_Instructions for the task_: What you return must match the records word for word, except that images are dropped.

_Available data_:
[Start of Attachment]

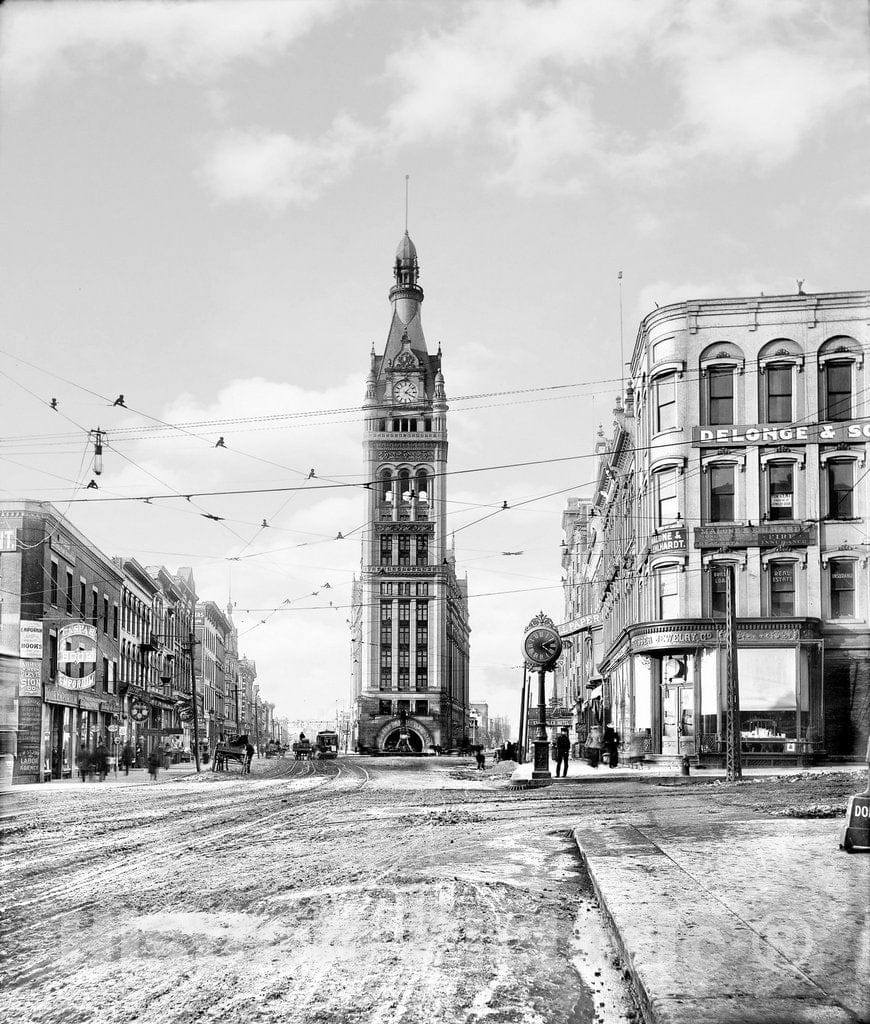 Milwaukee Historic Black & White Photo, Looking Up Water Street to City Hall, c1900 -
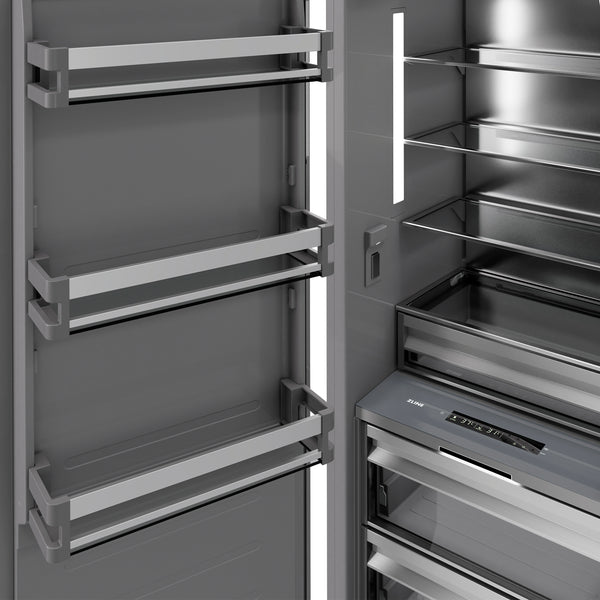 ZLINE 30 in. 16.7 cu. ft. Column Refrigerator in Satin Stainless Steel with Graphite Gray Interior (RCRV-SN-30)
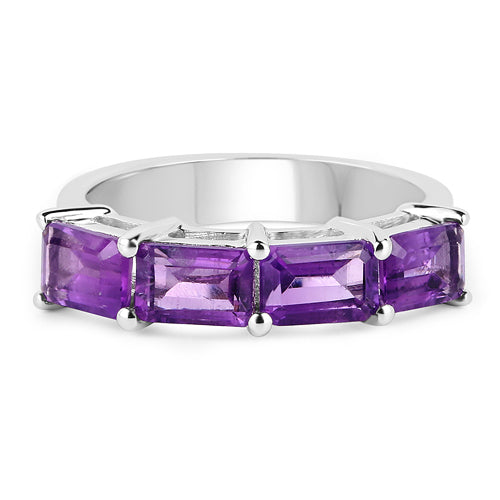 2.20 Carat Genuine Amethyst .925 Sterling Silver Ring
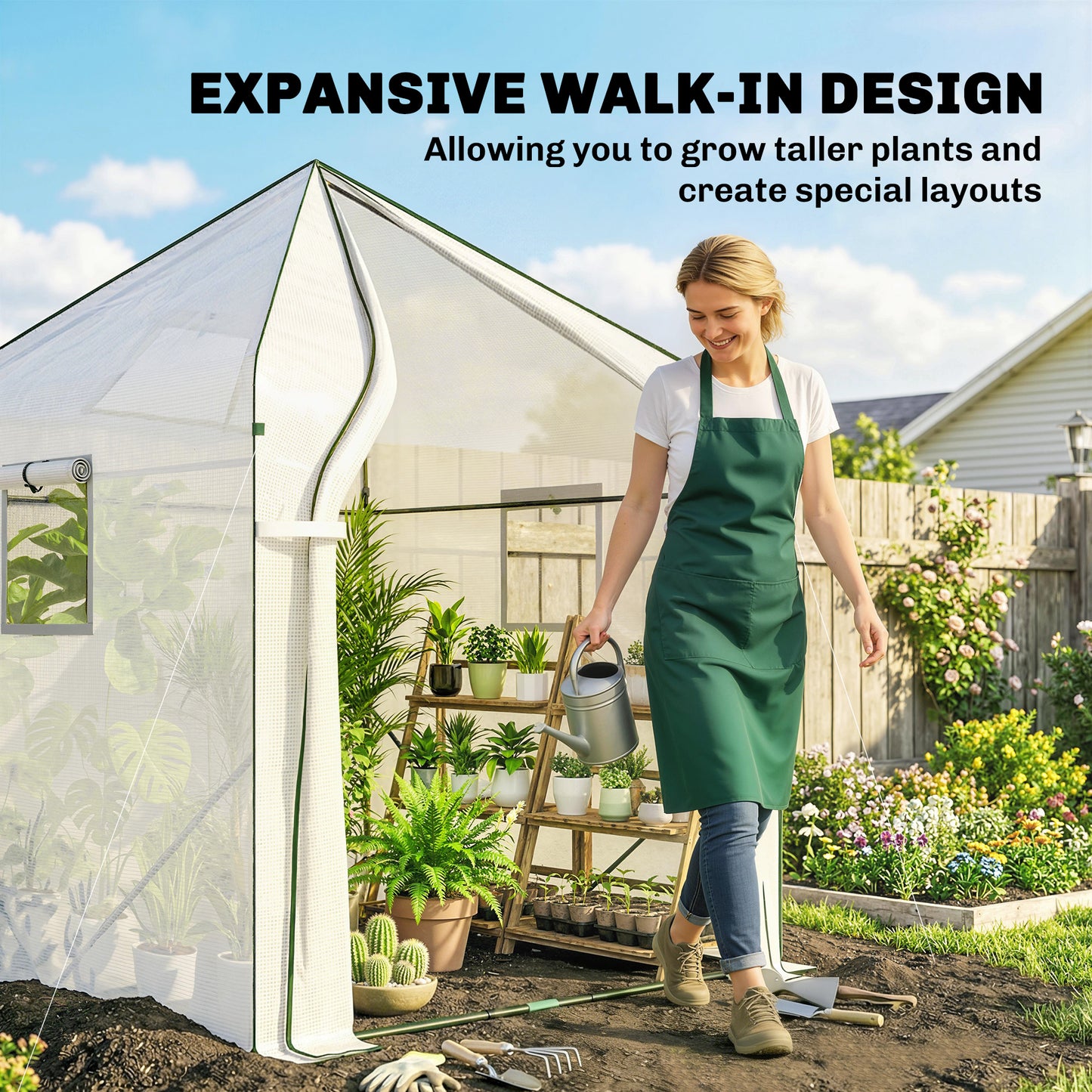Walk-in Greenhouse for Outdoors with Steel Frame, Large Plant House with Roll-up Door and PE Ground Cover, White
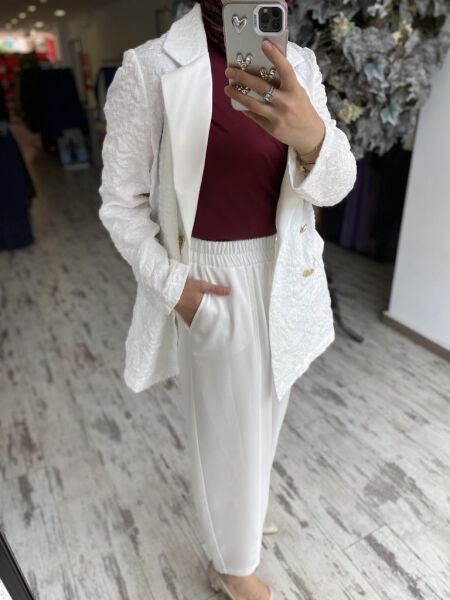 Ghisa Kruvaze Brokar Ceket Saten Pantolon Takım 3110 BEYAZ - 1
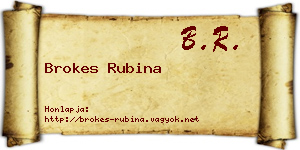 Brokes Rubina névjegykártya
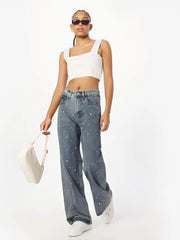 Women's Vintage Pearl-Embellished Straight Leg Denim Jeans - Light Wash, Loose Fit, Casual Style, Cotton Material, All-Season Wear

[End of Attachment]

_Final answer_:
 Milwaukee Historic Black & White Photo, Looking Up Water Street to City Hall, c1900 -
 ZLINE 30 in. 16.7 cu. ft. Column Refrigerator in Satin Stainless Steel with Graphite Gray Interior (RCRV-SN-30)
 2.20 Carat Genuine Amethyst .925 Sterling Silver Ring
Walk-in Greenhouse for Outdoors with Steel Frame, Large Plant House with Roll-up Door and PE Ground Cover, White
 Ghisa Kruvaze Brokar Ceket Saten Pantolon Takım 3110 BEYAZ - 1
 Brokes Rubina névjegykártya
 Women's Vintage Pearl-Embellished Straight Leg Denim Jeans - Light Wash, Loose Fit, Casual Style, Cotton Material, All-Season Wear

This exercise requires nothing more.